Ieri Mario Draghi, in pratica nel suo discorso di commiato da Governatore della Banca d'Italia prima di assumere la guida della Banca centrale europea (Bce), ha detto che nel Paese «non mancano vitalità e voglia di crescere» e ha fatto appello alla politica perché spezzi il «circolo vizioso» dei veti incrociati posti dalle «robuste coalizioni distributive» che impediscono la crescita. Il tutto, all'insegna di un condivisibile presupposto di fondo: dobbiamo convincerci che la salvezza e il rilancio dell'economia italiana possono venire solo dagli italiani.

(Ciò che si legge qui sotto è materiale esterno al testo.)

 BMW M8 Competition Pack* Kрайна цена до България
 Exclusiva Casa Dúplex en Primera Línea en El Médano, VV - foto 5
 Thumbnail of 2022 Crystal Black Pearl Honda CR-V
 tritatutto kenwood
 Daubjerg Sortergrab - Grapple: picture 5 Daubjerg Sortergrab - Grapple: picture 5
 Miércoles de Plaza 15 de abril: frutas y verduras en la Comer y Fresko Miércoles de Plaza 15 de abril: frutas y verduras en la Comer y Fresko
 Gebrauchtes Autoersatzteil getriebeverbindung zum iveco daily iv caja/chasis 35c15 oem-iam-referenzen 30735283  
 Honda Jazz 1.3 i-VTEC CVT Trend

Già, la politica. Nel pieno di una crisi internazionale senza precedenti, il Paese merita, prima di tutto, di essere governato in modo efficace e credibile. A tutti coloro cui spetta questo compito, a partire dal presidente del Consiglio Silvio Berlusconi, è richiesto, nell'esclusivo interesse nazionale, un impegno commisurato agli obblighi assunti in Europa. Non ci sono scorciatoie e furbizie tattiche che tengano, compresa quella di un governo-non-governo sostenuto da una maggioranza che brilla più per i suoi contorcimenti politici interni che per saldezza programmatica e chiarezza d'intenti.

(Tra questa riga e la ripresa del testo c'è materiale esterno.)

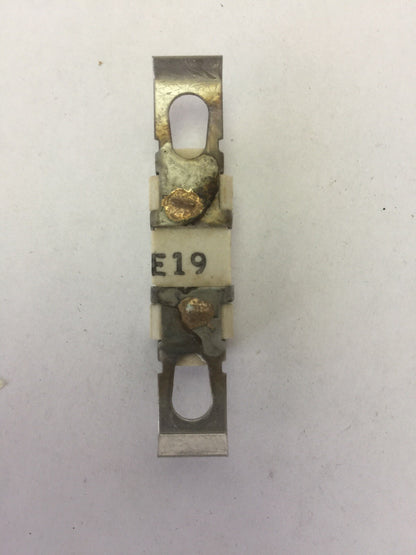 FURNAS/SIEMENS E19 OVERLOAD HEATER (LOT OF 3)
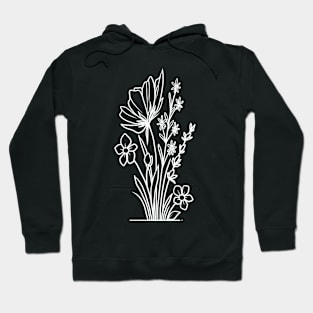 wildflowers 2 Hoodie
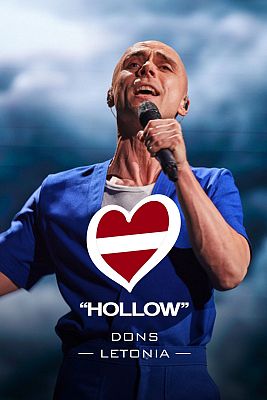 Dons - "Hollow" (Letonia)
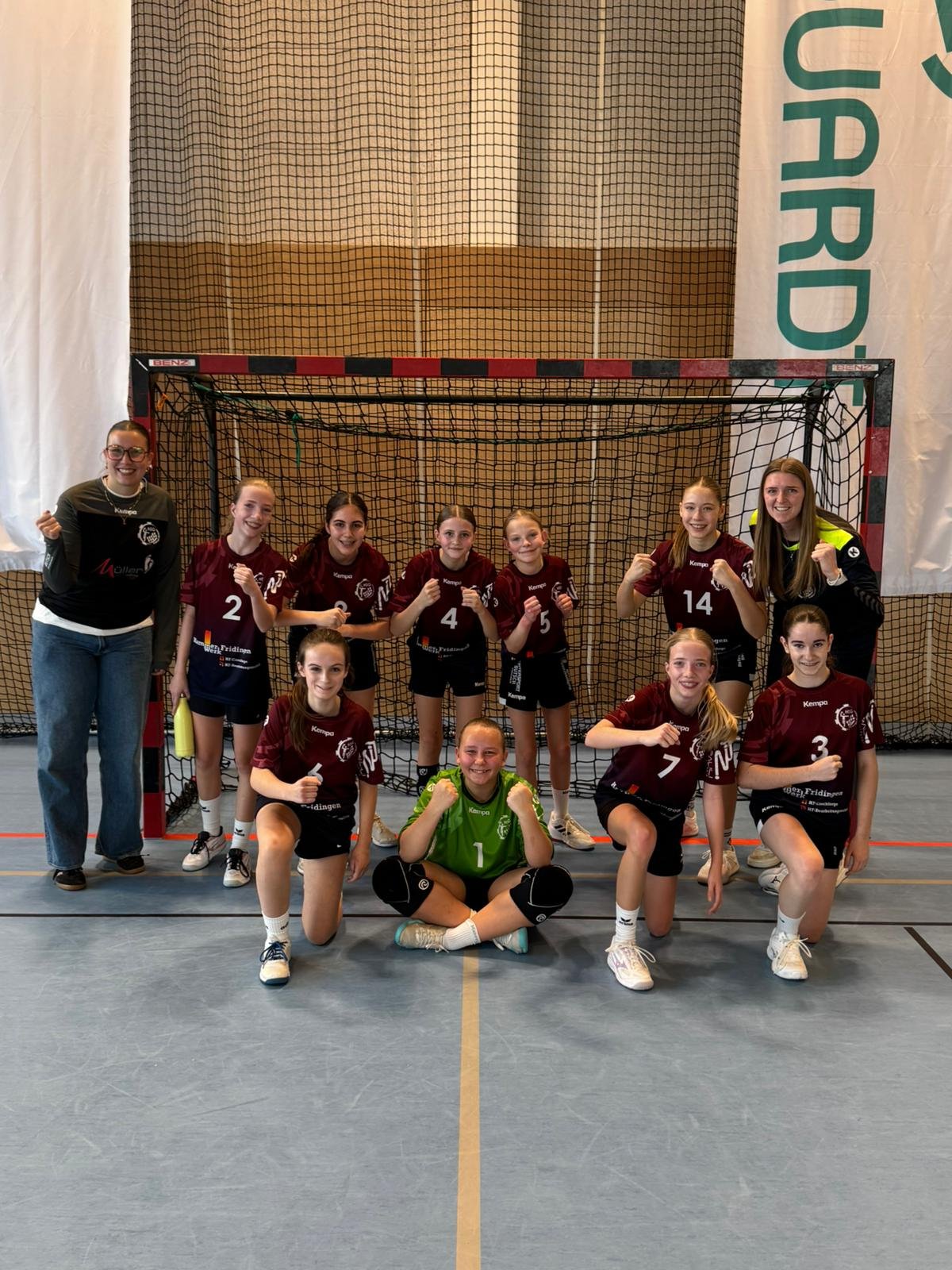 Umkämpfter Auswärtssieg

Dopo il voto alla Camera che ha bocciato il rendiconto dello Stato, il presidente della Repubblica Giorgio Napolitano ha sollecitato Berlusconi (oggi il suo discorso alla Camera e domani il voto di fiducia) e la maggioranza a dare una risposta netta sulle reali possibilità di azione di questo Governo nella stagione in cui l'Italia, un giorno dopo l'altro, da un'asta di titoli pubblici all'altra, è sottoposta sui mercati a un esame severo di credibilità a colpi di tassi d'interesse.
Conteranno alla fine i numeri, è evidente, ma è altrettanto un fatto che questo voto di fiducia, oltre che dall'aritmetica parlamentare, deve essere corroborato da una scelta politica trasparente, inequivoca e puntuale sul da farsi nei prossimi giorni. Se il presidente del Consiglio, chiuso fino a ieri nell'angolo delle mediazioni che producono solo altre mediazioni, non è in grado di dare questa risposta piena ed esaustiva, non sarà una maggioranza raccogliticcia, istituzionalmente sciatta e divisa al proprio interno ad evitargli da qui a poco un'altra débâcle parlamentare che lo porterà dritto alle dimissioni e alla dichiarazione di fallimento di una lunga esperienza politica incarnatasi nella sua persona.

Occorre agire con rapidità, è stato già perso troppo tempo, ha osservato Draghi. La road map tracciata da Bankitalia è quella suggerita dal buon senso oltre che dalle evidenze economiche e finanziarie. Il costo del debito sta salendo, ed è indispensabile che i decreti attuativi (per i tagli permanenti alla spesa corrente) figli della manovra-bis che punta al pareggio di bilancio entrino in pista prima possibile. Ma è urgente spingere anche sul pedale della crescita, e il discorso si sposta sulla (fin qui) dimenticata politica di sviluppo, che il ministro dell'Economia Giulio Tremonti vorrebbe 'a costo zero' e che il premier vorrebbe invece più incisiva. Un motivo di tensione profonda tra i duellanti di questa stagione che fa il paio con la controversa scelta del successore di Draghi al timone della Banca d'Italia.
Sono tutti terreni, questi, dove la coesione politica e sociale (metodo più volte richiamato da Napolitano), anche oltre il recinto della maggioranza, potrebbe far fruttare qualcosa di più e di meglio dello scontro permanente dentro la coalizione di governo e tra la maggioranza e l'opposizione. Draghi ha fatto riferimento ieri agli anni della lotta contro il terrorismo «in cui si manifestò la concordia di fondo del Paese, al di là del necessario e duro confronto politico». Abbiamo oggi bisogno della stessa ispirazione e della stessa intelligenza, ha concluso.

È un richiamo che fa riflettere e che può far certamente discutere. Sappiamo però come andò a finire molti anni fa: la battaglia contro il terrorismo fu vinta. Oggi dobbiamo cercare un'altra salvezza, per noi e per l'Europa, non meno cruciale. La troveremo, certamente, ma non sappiamo ancora come.